Tard dans la nuit, lord Cigogne et Emily refermèrent la fosse avec une grande dalle de granit rose, encore vierge de toute inscription ; puis, selon l'usage, ils dansèrent dessus, avec une gaieté et un entrain qu'on leur avait rarement vus, entourés de leurs invités. La noce gauchère touchait à sa fin. Dans un ultime tour de danse, Jeremy songea à la dernière promesse qu'il avait faite au prélat : régner sur l'imagination d'Emily... Que recouvrait exactement ce serment ? Par quels procédés extraordinaires parviendrait-il à régner sur les songes de son épouse ? Il lui restait à franchir une étape décisive sur le chemin qui ferait de lui un mari ; ce qu'il n'était pas encore.
23
Lady Cigogne et son époux n'entreprirent pas de voyage de noces ; cette coutume droitière n'avait guère de sens sur l'île d'Hélène. Dans l'esprit des Gauchers, l'existence à Port-Espérance se devait d'être une longue lune de miel, d'une durée approchant le demi-siècle. Leur colonie n'avait pas été fondée dans un autre dessein. Mais le calendrier hélénien ménageait une autre aventure au jeune ménage.

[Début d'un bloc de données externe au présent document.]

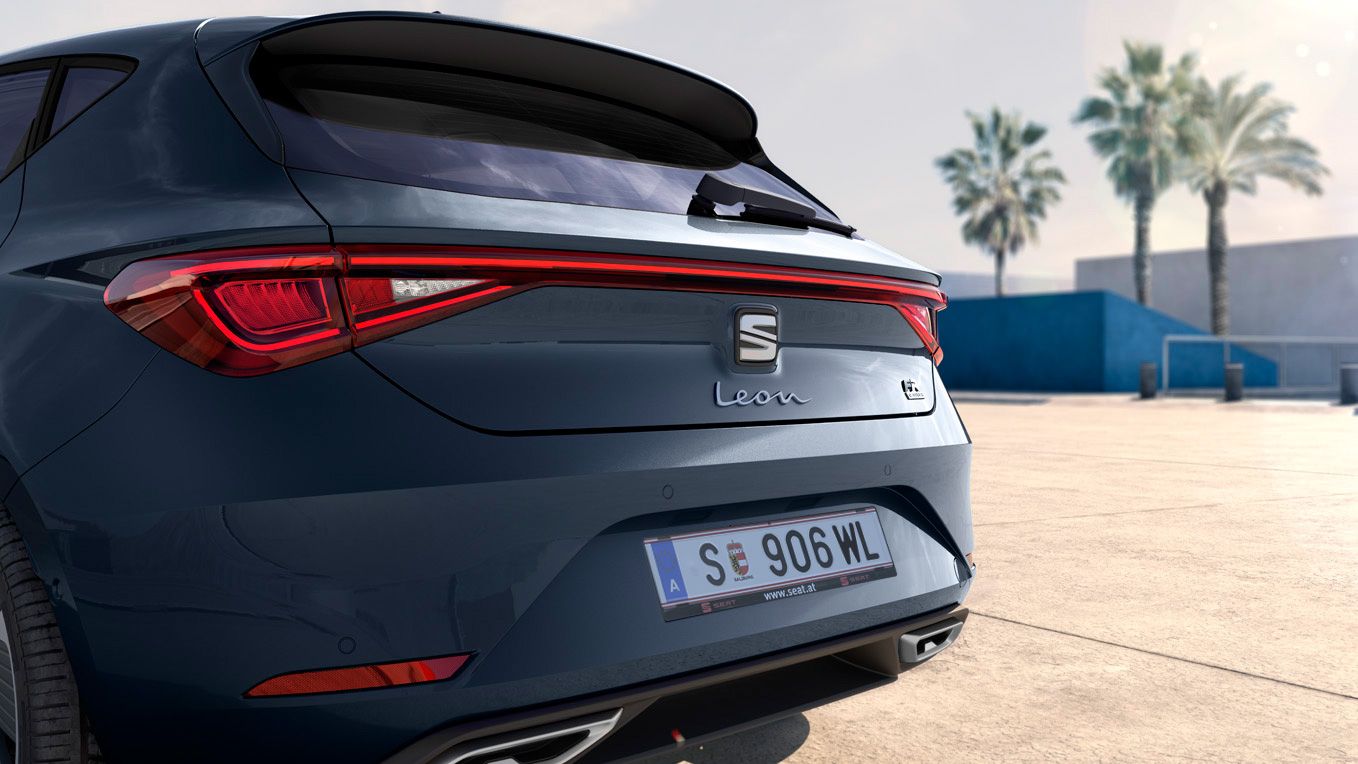 Detailansicht des Hecks von einem grauen SEAT Leon. Im Hintergrund sind Palmen zu sehen.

Le mois d'octobre inaugurait le printemps austral et, comme chaque année, les Gauchers le consacraient au libertinage, le vrai, ce cruel jeu de l'esprit que l'on se piquait de pratiquer dans une certaine aristocratie française ou vénitienne, au XVIIIe siècle. Au cours de ces semaines, il n'était pas question de vivre licencieusement, en faisant de son plaisir immédiat une règle, mais plutôt de se livrer à un libertinage cérébral volontiers frondeur à l'égard de la morale courante, des conformismes de tous ordres et des règles sociales.

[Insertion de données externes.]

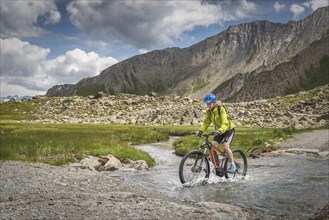 Mountain biker rides on alpine gravel road through mountain river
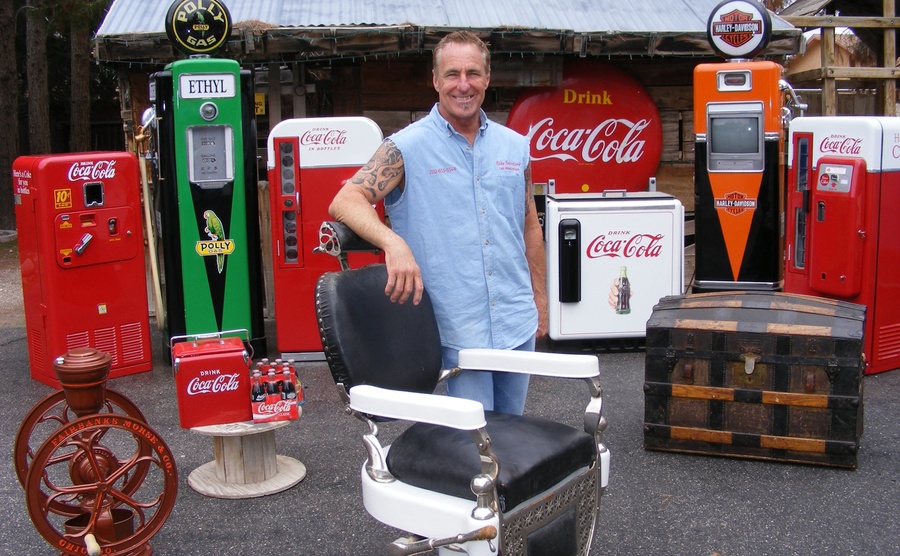 Rick standing in front of an old barbers chair with old gas pumps and coca-cola machines behind him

Parfois, ces dispositions subversives conduisaient à se donner ; mais on recherchait moins la débauche que la mise en lumière de la face cachée de sa victime, et de soi. Loin de s'embourber dans l'exaltation d'une sensualité ordinaire, les Gauchers s'appliquaient à concevoir de subtiles stratégies de domination. L'objet de ces manœuvres était de persuader sa proie qu'elle n'était pas ce qu'elle croyait mais plutôt un être inconstant, ami de la jouissance facile ; puis, si l'on avait assez d'habileté, il fallait la convaincre de se délivrer du piège de la sentimentalité courante afin qu'elle trouvât dans un éternel renouvellement des désirs le sentiment d'exister. Là était le plaisir suprême, plus que dans la possession physique, dans cet art de pervertir, de corrompre méthodiquement en affaiblissant peu à peu les croyances et la marge de manœuvre de l'autre.